= Vine Street (TV series) =

Vine Street, considered the first American television soap opera, was first broadcast on 15 April 1938 by W6XAO in Los Angeles, as a daily 15-minute serial, and was listed as a comedy-drama. The storyline involved Hollywood life on the lowest rungs of the "ladder" to success. The light humor drama shows the struggles to make it big in Tinsel Town. The stars were Broadway and radio character actors John Barkeley and Shirley Thomas, neither of whom appeared on television again. The writers, Maurice Ashley and Wilfred Pettit, were brought in from the radio networks to experiment in this new medium.

==Firsts==
While Germany, England and the United States were all attempting to produce television programming in 1935, America did not create any type of regularly scheduled programming until 1939, and offered the public such pioneers as the children's show Kukla, Fran and Ollie, Betty White and programs featuring Eddie Albert, who became one of the first television actors in 1935. Vine Street apparently lasted for less than a year. The birthplace of television was in Schenectady, New York in 1928; however, as fast as it was maturing in New York, it was also becoming a powerhouse in California.

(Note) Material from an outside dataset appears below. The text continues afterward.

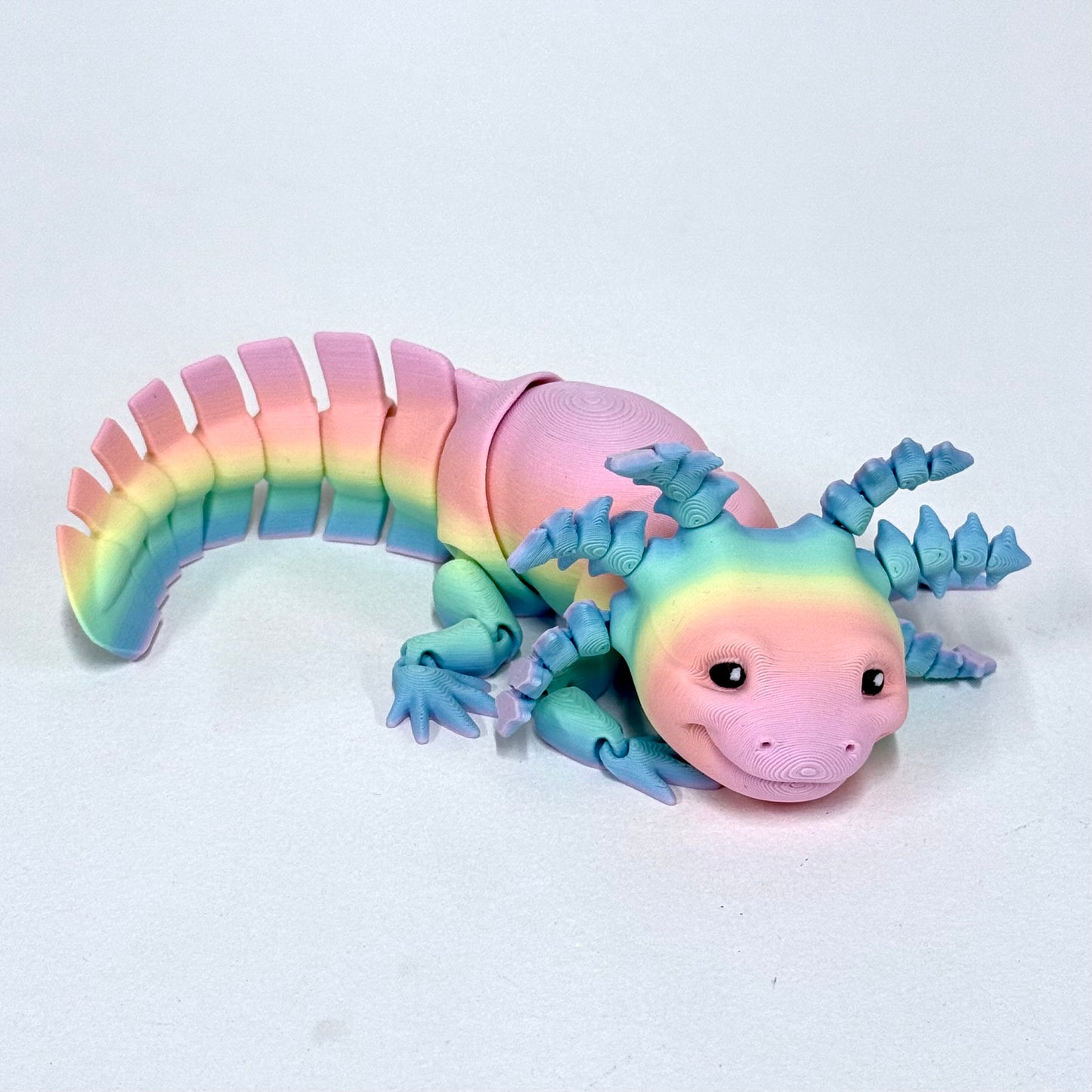 Axolotl Fidget Toy | 3D Printed Articulated Axolotl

Audiences were already accustomed to continuing story serials from the radio, but this was the first attempt on television. The term "soap opera" came about since many soap and cleaning product companies started trying to reach the many housewives who were home to listen these programs which normally aired in the afternoons. The Oxford English Dictionarys citation for the phrase dates its first appearance in print to 1938.